Saturday, 10 May 2014

Hypersexual disorder!Am I sexually addicted?Take a quize....

What is sex addiction?

Relationship counselling service Relate describes sex addiction as any sexual activity that feels "out of control". This could be sex with a partner, but it can also mean activities such as pornography, masturbation, visiting prostitutes or using chat lines.
For most people, these habits don't cause them any problems. However, sex addicts are unable to control these urges and actions, despite the problems it may cause their relationships, finances and professional lives.
The Recovery Network says sex addiction "involves frequent self-destructive or high risk activity that is not emotionally fulfilling, that one is ashamed of and that one is unable to stop, despite it causing repeated problems".

What causes sex addiction?

The causes of love and sex addictions are often rooted in childhood or adolescence. Early trauma, neglect or depression are potential reasons. One US study revealed that 80% of participants with a sex addiction suffered emotional trauma or sexual abuse during their childhood.
Sex addicts often describe their parents as rigid, distant and uncaring. These families, including the addicts themselves, are more likely to be substance abusers. One study found that 80 percent of recovering sex addicts report some type of addiction in their families of origin. 

Symptoms of sexual addiction

While there is no official diagnosis for sex addiction, clinicians and researchers have attempted to define the disorder using criteria based on chemical dependency literature. They include:
  • Frequently engaging in more sex and with more partners than intended.
  • Being preoccupied with or persistently craving sex; wanting to cut down and unsuccessfully attempting to limit sexual activity.
  • Thinking of sex to the detriment of other activities or continually engaging in excessive sexual practices despite a desire to stop.
  • Spending considerable time in activities related to sex, such as cruising for partners or spending hours online visiting pornographic Web sites.
  • Neglecting obligations such as work, school or family in pursuit of sex.
  • Continually engaging in the sexual behavior despite negative consequences, such as broken relationships or potential health risks.
  • Escalating scope or frequency of sexual activity to achieve the desired effect, such as more frequent visits to prostitutes or more sex partners.
  • Feeling irritable when unable to engage in the desired behavior.
You may have a sex addiction problem if you identify with three or more of the above criteria.
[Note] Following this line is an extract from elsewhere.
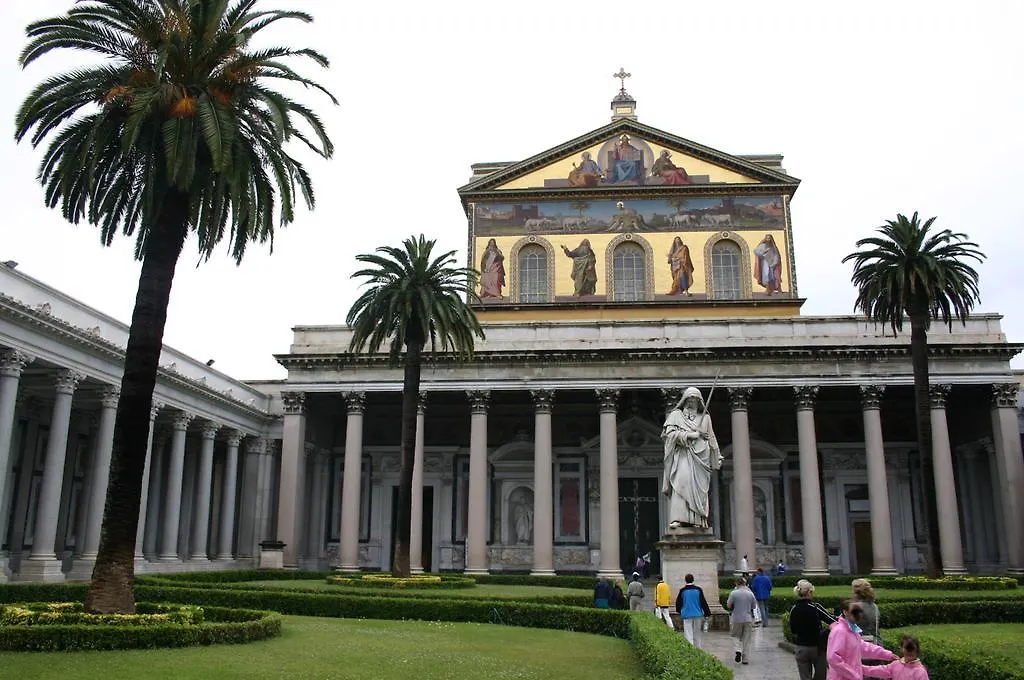 Roma Holiday And Jubilee House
More generally, sex addicts tend to organize their world around sex in the same way that cocaine addicts organize theirs around cocaine. Their goal in interacting with people and in social situations is obtaining sexual pleasure.
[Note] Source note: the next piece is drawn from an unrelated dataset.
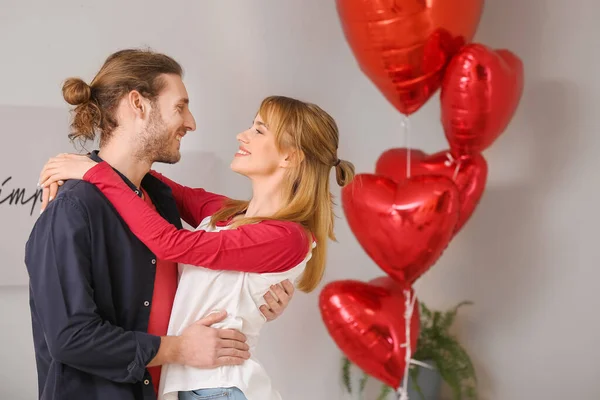 Casal Jovem Celebrando Dia Dos Namorados Casa — Fotografia de Stock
In 2010, the American Psychiatric Association issued its preliminary criteria for “Hypersexual Disorder,” which may be a possible alternative definition or diagnostic label for sex addiction.

Symptoms for hypersexual disorder

In 2010, the American Psychiatric Association released draft, preliminary criteria that may define “sex addiction,” which they are formally called Hypersexual Disorder. Hypersexual disorder can only be diagnosed in adults 18 years or older, according to the draft criteria.
The symptoms of Hypersexual Disorder are:
  • Over a period of at least six months, a person experiences recurrent and intense sexual fantasies, sexual urges, and sexual behavior in association with four or more of the following five criteria:
    1. Excessive time is consumed by sexual fantasies and urges, and by planning for and engaging in sexual behavior.
    2. Repetitively engaging in these sexual fantasies, urges, and behavior in response to dysphoric mood states (e.g., anxiety, depression, boredom, irritability).
    3. Repetitively engaging in sexual fantasies, urges, and behavior in response to stressful life events.
    4. Repetitive but unsuccessful efforts to control or significantly reduce these sexual fantasies, urges, and behavior.
    5. Repetitively engaging in sexual behavior while disregarding the risk for physical or emotional harm to self or others.
  • The person experiences clinically significant personal distress or impairment in social, occupational or other important areas of functioning associated with the frequency and intensity of these sexual fantasies, urges, and behavior.